-- What needs to be done --
In the entries below, find the line with "HELLA H12560001 Lamp Re 4000 Fog Blk H3 12V" and the line with "Huf x Toyota Topography Socks | WHITE"; copy them and every line between them exactly, but not the pictures.

-- Data for processing --
┌──

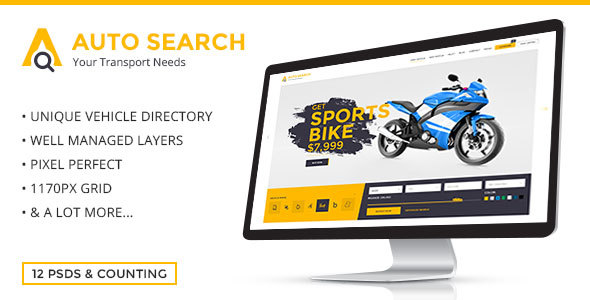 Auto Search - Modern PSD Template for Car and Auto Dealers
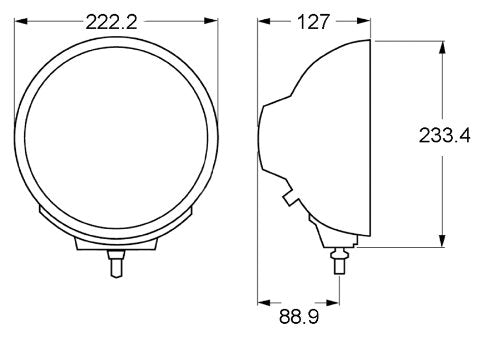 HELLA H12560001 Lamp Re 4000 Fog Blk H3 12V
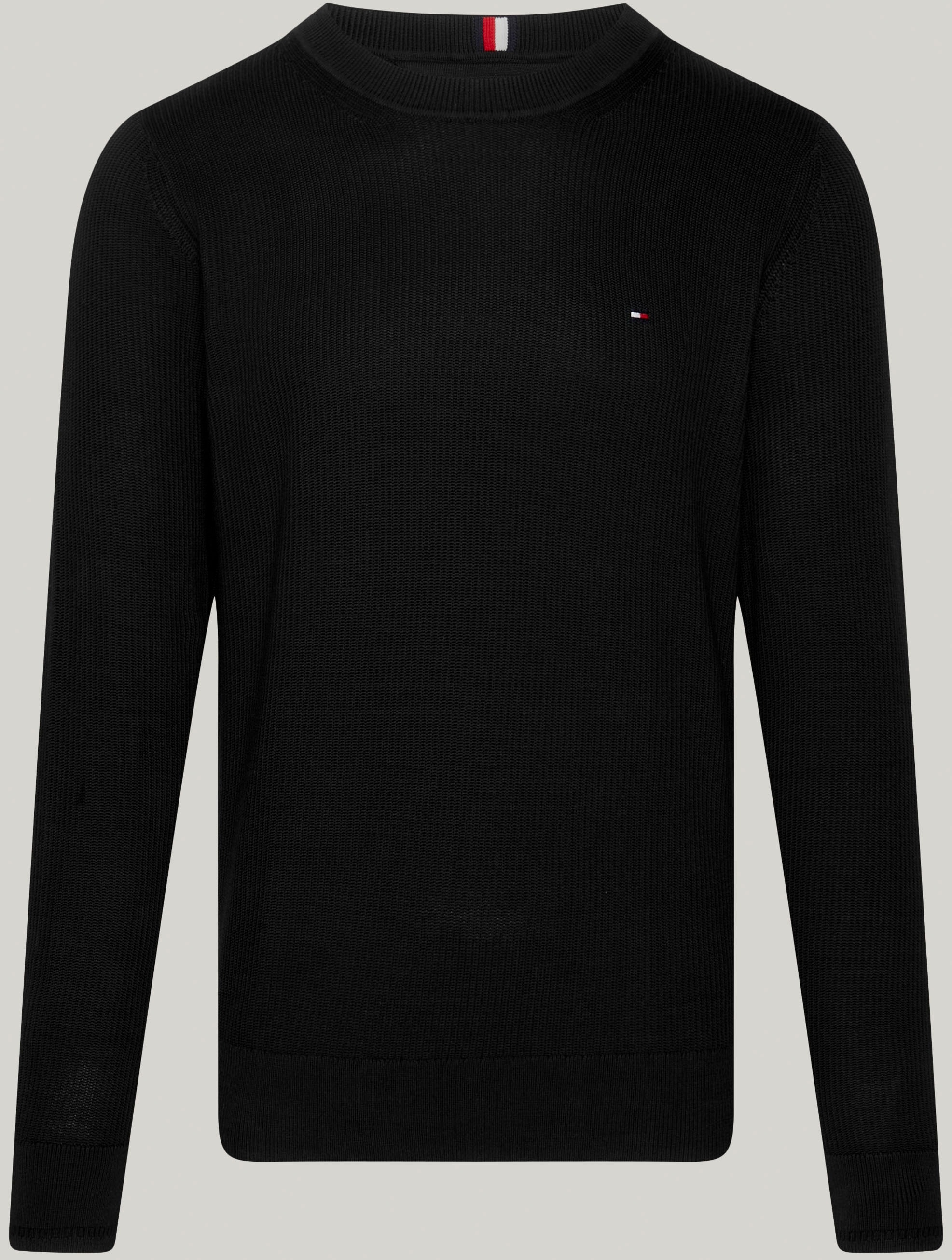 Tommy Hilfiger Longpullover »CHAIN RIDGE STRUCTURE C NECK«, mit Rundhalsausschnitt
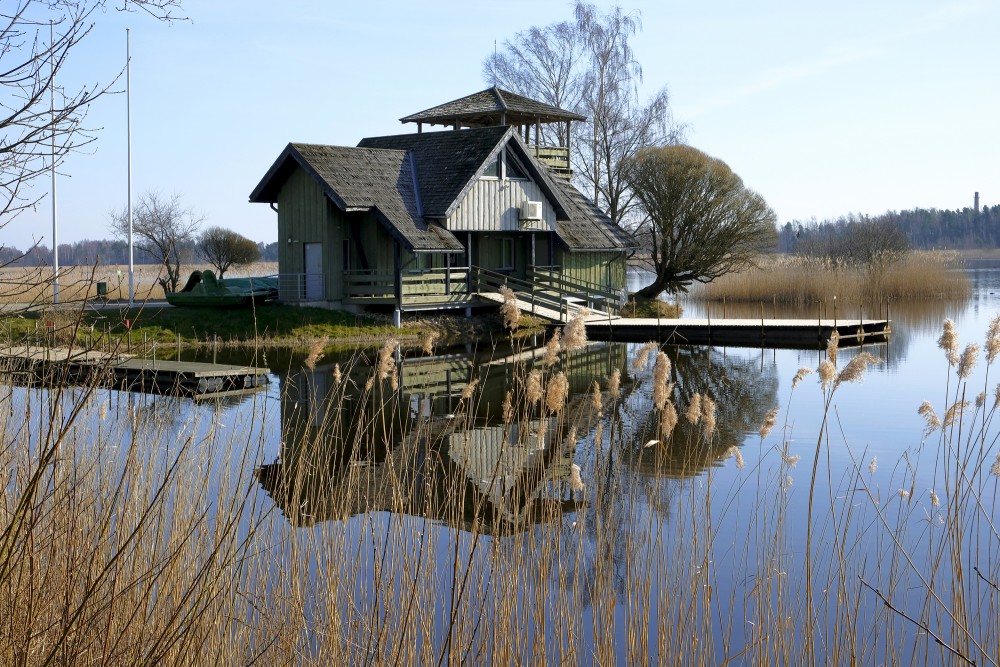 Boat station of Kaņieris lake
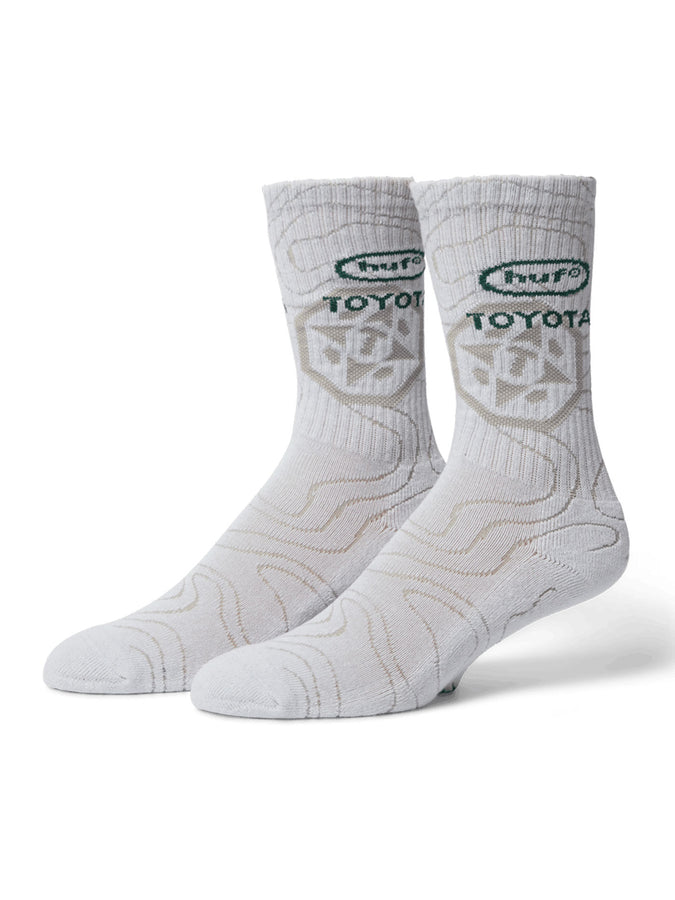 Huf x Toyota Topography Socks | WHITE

└──
┌──

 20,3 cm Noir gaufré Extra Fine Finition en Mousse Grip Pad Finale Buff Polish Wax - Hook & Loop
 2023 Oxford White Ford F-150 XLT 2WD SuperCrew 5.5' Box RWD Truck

└──

-- Response to the task --
 HELLA H12560001 Lamp Re 4000 Fog Blk H3 12V
 Tommy Hilfiger Longpullover »CHAIN RIDGE STRUCTURE C NECK«, mit Rundhalsausschnitt
 Boat station of Kaņieris lake
 Huf x Toyota Topography Socks | WHITE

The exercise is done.